(Short web captions)
++++++++++

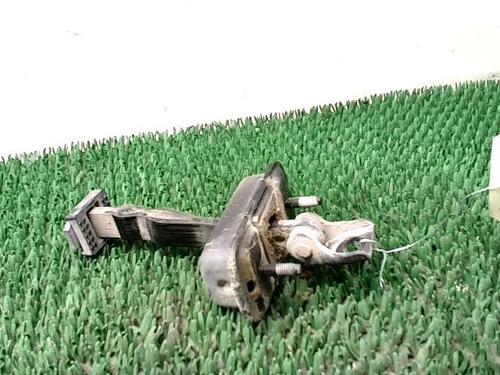 Used Hinge/Door check strap PEUGEOT 208 I (CA_, CC_) 1.6 BlueHDi 100 (100 hp) 22088913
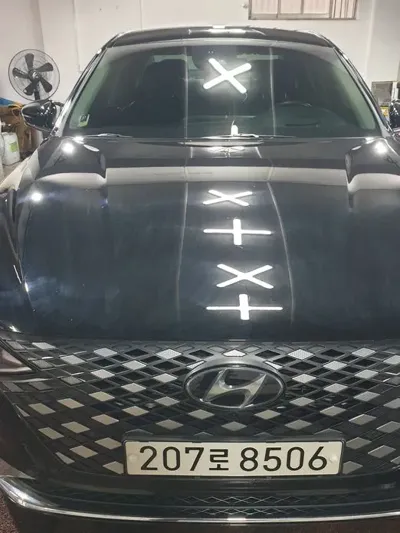 Hyundai Grandeur 2022, 98271 км, за 14000.12 USD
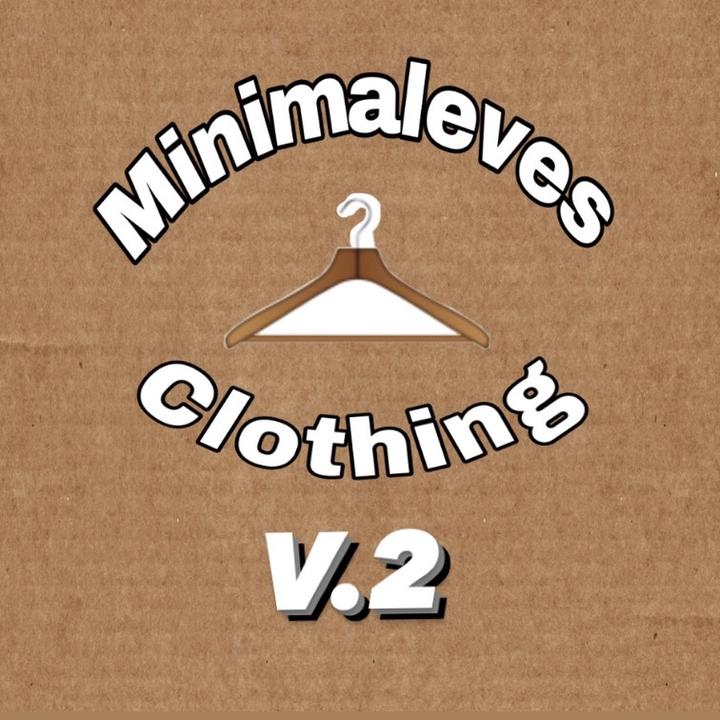Eves Closet Online Shop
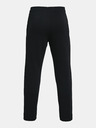 Under Armour Pantaloni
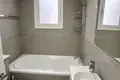 2 bedroom apartment 100 m² in Limassol, Cyprus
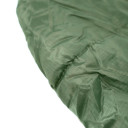 Miegmaišis 'Freeman' 310865 Origin Outdoors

++++++++++

[How to complete this task] Return each record as written, minus its images.

[Written response]
 Used Hinge/Door check strap PEUGEOT 208 I (CA_, CC_) 1.6 BlueHDi 100 (100 hp) 22088913
 Hyundai Grandeur 2022, 98271 км, за 14000.12 USD
Eves Closet Online Shop
 Under Armour Pantaloni
 2 bedroom apartment 100 m² in Limassol, Cyprus
 Miegmaišis 'Freeman' 310865 Origin Outdoors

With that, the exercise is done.